Ignore the damning 20% Rotten Tomatoes score and the savage reviews (in his one star review, Roger Ebert said, ‘Broad Street supplies us with a fake crisis, paper-thin characters, and long musical interludes that have been photographed with a remarkable lack of style…the movie treads water with idiotic dream sequences’). Ignore that the film took $1.4mill at the box office but cost $9mill to make. You even have to put aside McCartney’s own opinion that trying to extend what was originally planned to be a one hour TV special (that makes sense; Broad Street shares the rambling, illogical and episodic nature of Magical Mystery Tour) to a feature length film just didn’t work.
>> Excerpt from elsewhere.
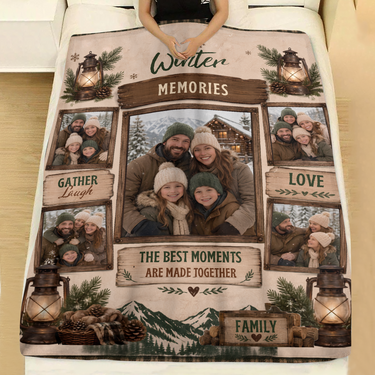 Personalized Winter Memories Christmas family blanket with lanterns, pine branches and a mountain range spread across a made bed with white linen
In Conversations with McCartney, he told author Paul Du Noyer, ‘A feature film has got to have some dynamics, some strength and depth. We didn’t really get round to that…There’s a couple of redeeming features about it, but it’s just not very good.’

Technically, that is true. If you’d paid good money to see the film at the cinema in 1984 you’d have every right to be bitterly disappointed and even to demand a refund. But as this is 2023, you can watch Broad Street for free on YouTube and any true McCartney fan won’t resent investing a little under two hours of their lives to do so.
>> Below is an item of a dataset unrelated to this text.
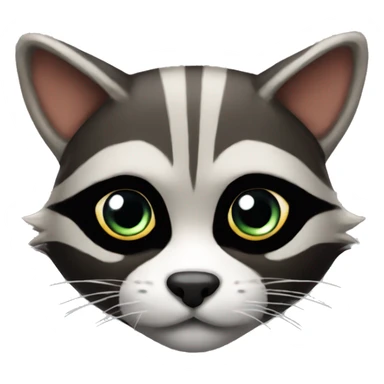 Cat head raccoon body sticker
Broad Street is like an updated Help! but far less offensive (thankfully, racial stereotyping and brownface actors do not feature this time around). Just substitute Ringo’s ring for stolen master tapes as the film’s McGuffin and Leo McKern’s dastardly Clang for John Bennet’s sinister Mr. Rath as the villain of the piece and you have the makings of a plot just about sturdy enough to support a string of musical numbers, dream sequences and dialogue scenes that are meant to represent one day in the life of a rock star.
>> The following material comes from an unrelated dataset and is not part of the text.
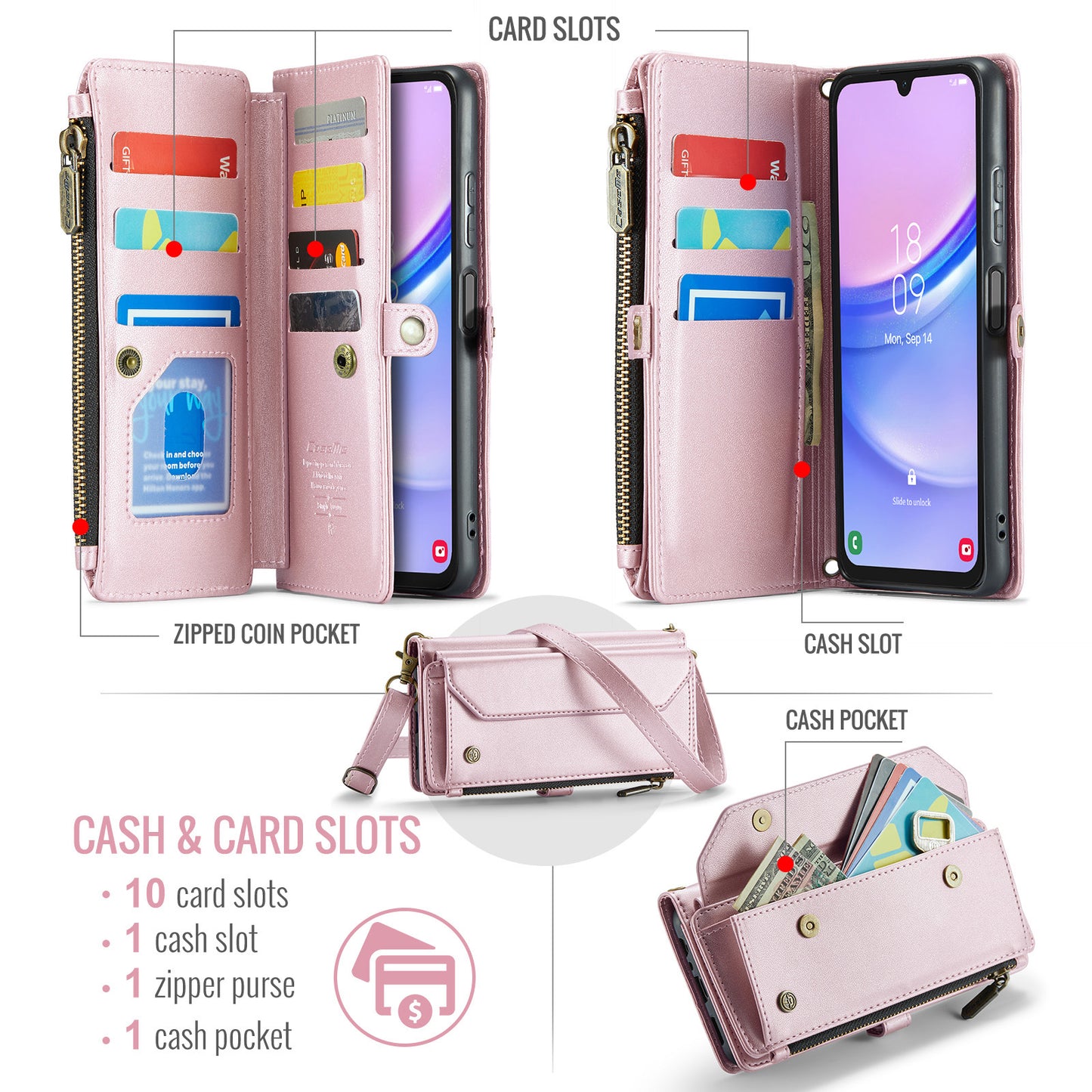 Women Shoulder Bag Samsung Galaxy A15 Case Card Slots Buckle Pockets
There’s no real jeopardy and the resolution to the mystery of what happened to those missing tapes (apparently worth £5million; gosh, how thrilling) is laughably weak and not worth waiting for. McCartney, despite having cast himself in the lead role had apparently failed to take a single acting lesson since Help! (or Magical Mystery Tour). So why is Broad Street worth your time?

The first and most obvious thing is the music. Who doesn’t want to watch McCartney sing Beatles classics including ‘Yesterday’ and ‘Here There and Everywhere’ with George Martin looking on from the studio control room (where Geoff Emerick is playing the recording engineer) while Ringo clowns around in the background, trying to find a pair of brushes to play his drums with that you know he’s going to locate just as McCartney plays a final chord.

There’s a brilliant set piece that brings the otherwise rather ordinary song ‘Ballroom Dancing’ to vibrant life, with an all star band that includes Ringo, Dave Edmunds, Chris Spedding and John Paul Jones strutting his stuff in a way he never got the chance to in Led Zeppelin. With a touch of very 80s-style androgyny, Paul and Linda face each other across upright pianos, dressed in matching teddy boy-style blue drape suits. Similarly ‘Not Such a Bad Boy’, which sounds unremarkable when heard on the soundtrack album makes a lot more sense when you see it played with gusto in a faux rehearsal set up with Ringo, Edmunds and the always effortlessly cool Spedding. McCartney looks like he’s having a ball and therefore so do we.

Even the utterly barmy staging of ‘Silly Love Songs’, with the entire band dressed in none-more-80s Toyah-esque garb and Jeffrey Daniel from Shalamar moonwalking and miming out front is a hoot (re-recorded for the film, the version features some fantastically funky playing from Brother’s Johnson bass man Louis Johnson, although he doesn’t appear in the film). While the period costume ‘Elanor’s Dream’ sequence, set to an extended orchestrated version of ‘Elanor Rigby’ doesn’t make an awful of sense, it does at least look grandly cinematic (it’s also reminiscent of the fantasy sequences in Led Zeppelin’s concert film The Song Remains the Same).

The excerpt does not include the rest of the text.